EXERCISE:
Copy every line of the data exactly, keeping out any picture.

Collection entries
--*--

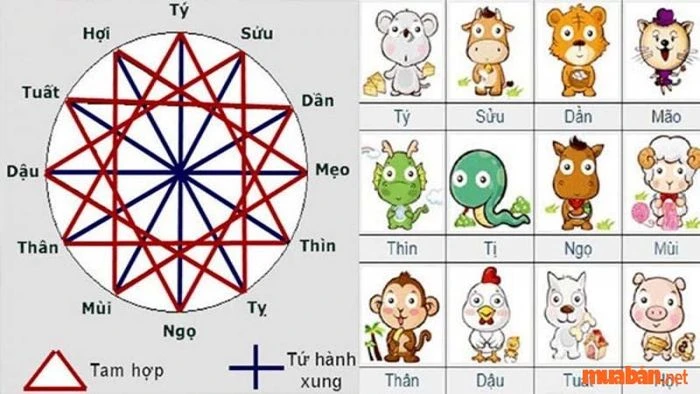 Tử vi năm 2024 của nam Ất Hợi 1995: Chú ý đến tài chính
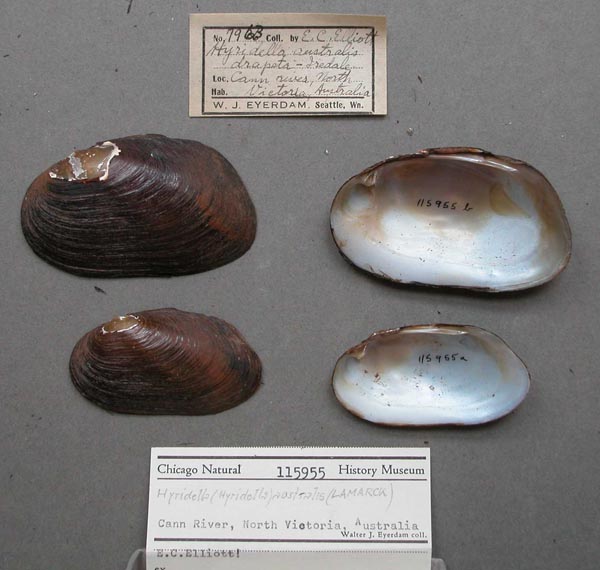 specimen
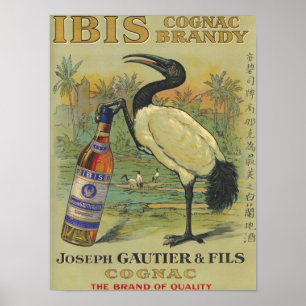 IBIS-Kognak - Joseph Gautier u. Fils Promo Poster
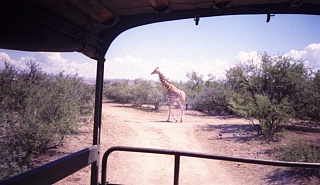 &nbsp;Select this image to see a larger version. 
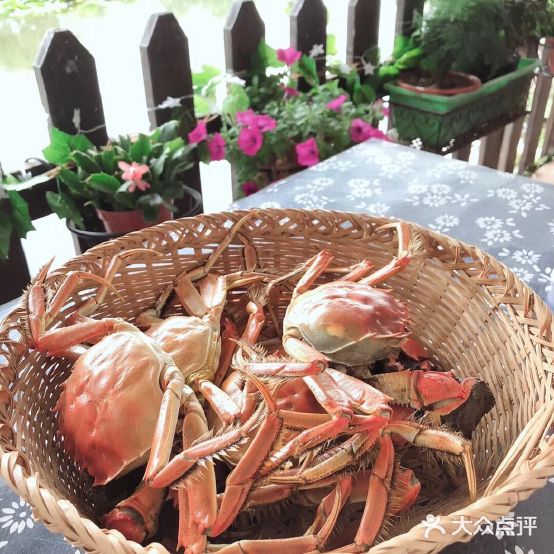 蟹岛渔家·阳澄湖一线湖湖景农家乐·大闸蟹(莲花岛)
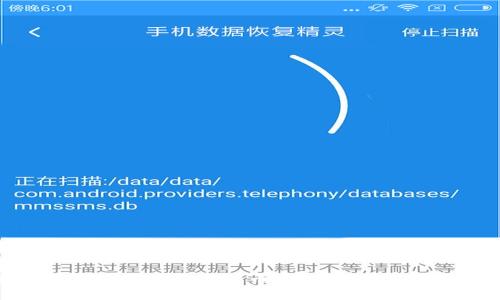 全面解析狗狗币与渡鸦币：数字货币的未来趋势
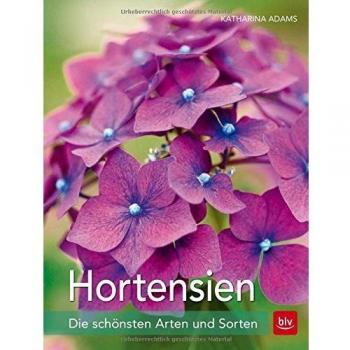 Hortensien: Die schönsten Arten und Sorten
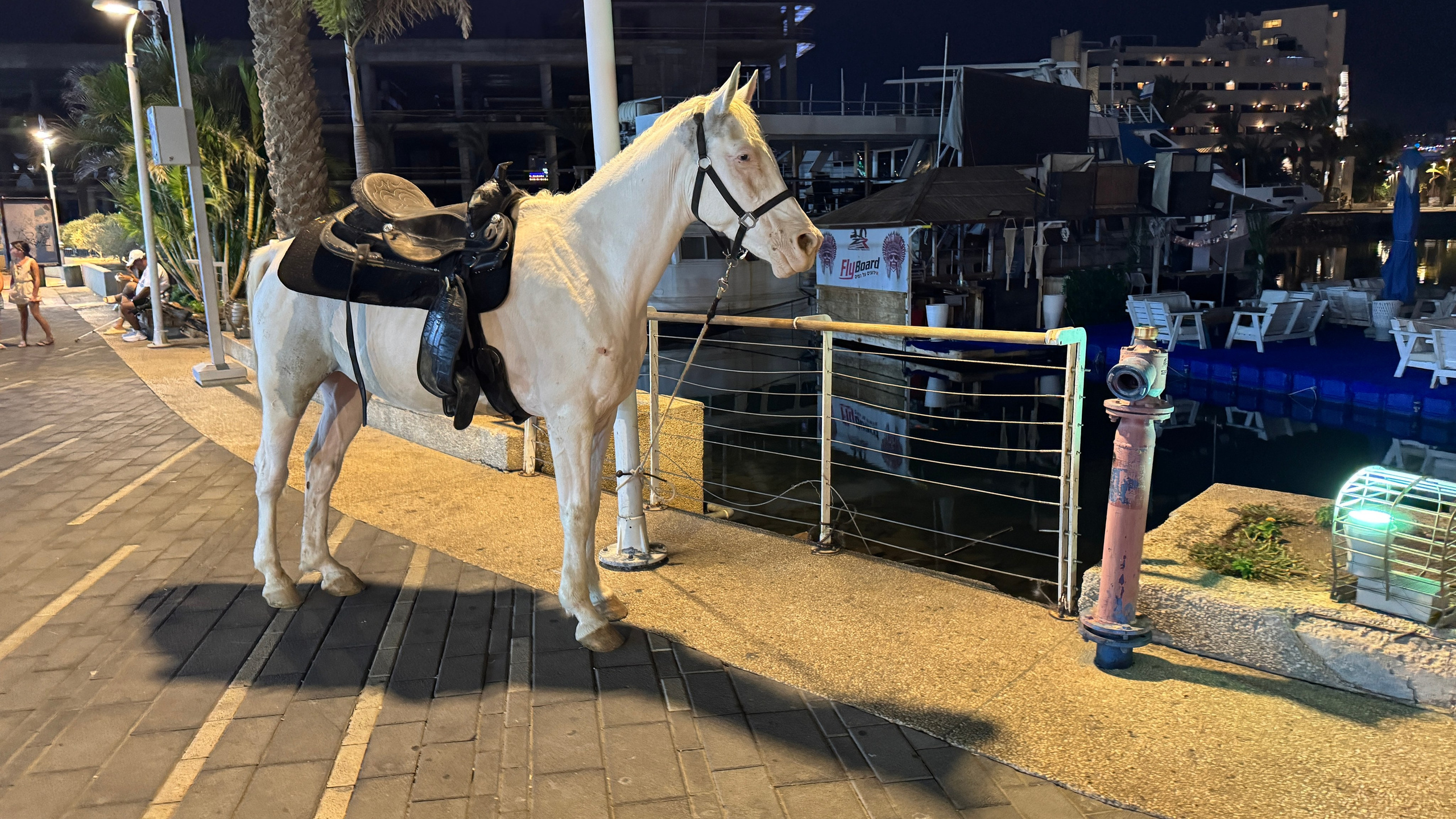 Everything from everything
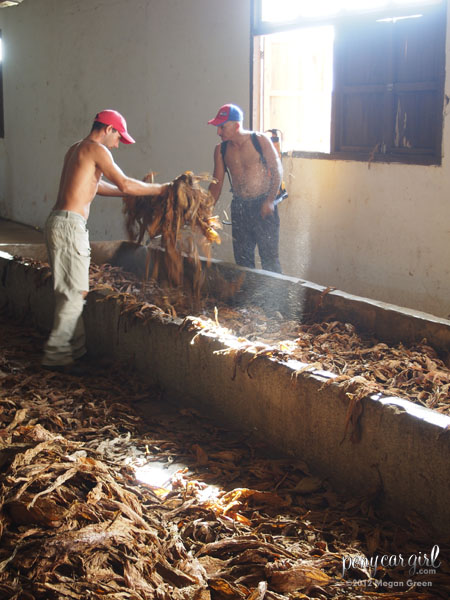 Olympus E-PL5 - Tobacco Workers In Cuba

--*--

ANSWER BELOW:
 Tử vi năm 2024 của nam Ất Hợi 1995: Chú ý đến tài chính
 specimen
 IBIS-Kognak - Joseph Gautier u. Fils Promo Poster
 &nbsp;Select this image to see a larger version. 
 蟹岛渔家·阳澄湖一线湖湖景农家乐·大闸蟹(莲花岛)
 全面解析狗狗币与渡鸦币：数字货币的未来趋势
 Hortensien: Die schönsten Arten und Sorten
 Everything from everything
 Olympus E-PL5 - Tobacco Workers In Cuba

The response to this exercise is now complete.